What to do:
Please repeat exactly the lines below from the line with "Штробление кирпичной стены" to the line with "Cozy In Classic Style *", including both, and leave out every picture.

Start of Available records

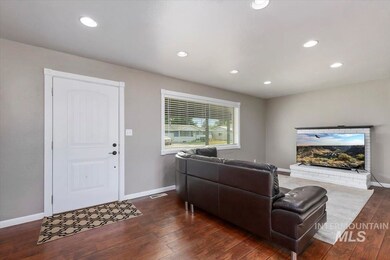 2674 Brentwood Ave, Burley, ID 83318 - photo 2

End of Available records
Start of Available records

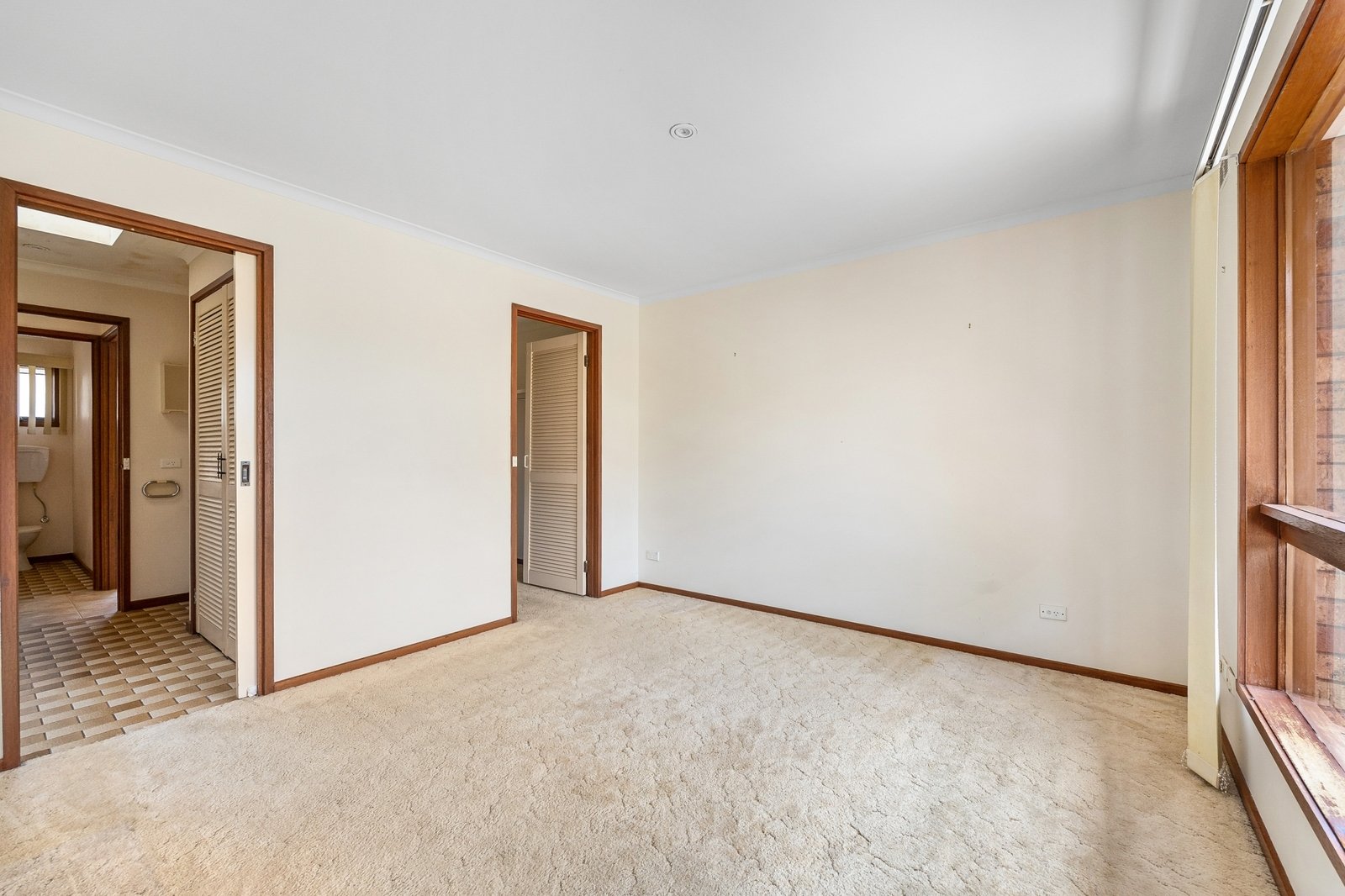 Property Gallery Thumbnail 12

End of Available records
Start of Available records

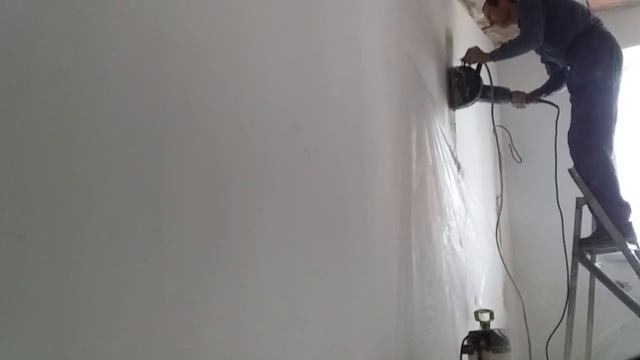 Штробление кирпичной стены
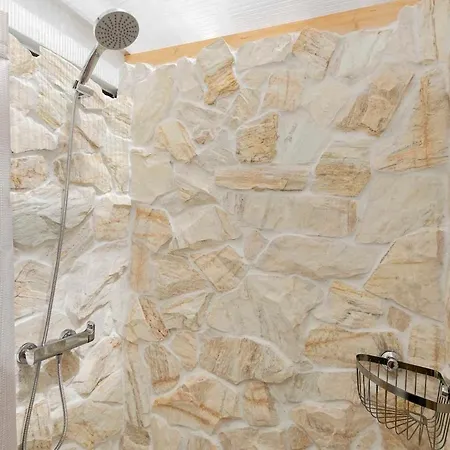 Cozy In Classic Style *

End of Available records

Output:
 Штробление кирпичной стены
 Cozy In Classic Style *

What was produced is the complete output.